What Do We Do with the Art of Monstrous Men?

Reading the article in the link above the quotes below by Alice Miller come to mind:

It is a great mistake to imagine that one can resolve traumas in a symbolic fashion. If that were possible, poets, painters, and other artists would be able to resolve their pain through creativity. This is not the case, however. Creativity helps us channel the pain of trauma into symbolic acts; it doesn't help us resolve it. If symbolic revenge for maltreatment received in childhood were effective, then dictators would eventually stop humiliating and torturing their fellow human beings. As long as they choose to deceive themselves about who really deserves their hatred, however, and as long as they go on feeding that hatred in symbolic form instead of experiencing and resolving it within the context of their own childhood, their hunger for revenge will remain insatiable (see Miller 1990a).” read more here

7. You have also related the works of famous writers like Schiller, Nietzsche, Proust, Rimbaud, Kafka etc. to their childhood experiences, concluding that the books they produced were encrypted accounts of suppressed childhood dramas. This is a new and unusual perspective on literary production.

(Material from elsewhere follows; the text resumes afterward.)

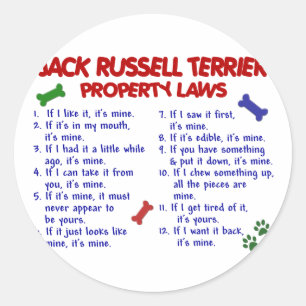 JACK RUSSELL TERRIER Property Laws 2 Runder Aufkleber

Have you identified such links between other kinds of artist and their works?
7. Yes, I find them in all the biographies I have come across so far. After all, it’s an entirely logical thing. Children learn at a very early stage what their parents instill into them. So if they experience violence, that’s what they learn. As they are prohibited from actually demonstrating what they have learned, they may initially be incredibly obedient and remarkably “good” children, as the Auschwitz commander Rudolf Höss reveals. It is only later that they demonstrate the brutality they have learned from their parents. Artists often express unconsciously what they survived in childhood and later repressed. They do it mostly in a coded manner. Unfortunately. this still appears to be forbidden knowledge, so far no one has cued in to my research. When individuals run amok, EVERYONE insists without a second thought that they have ABSOLUTELY no idea what can have prompted an adolescent to do so, and in the press no reference is ever made to their childhood. In all cases, the parents are spared this kind of inquiry. So how can readers understand how violence is learned if no one helps them?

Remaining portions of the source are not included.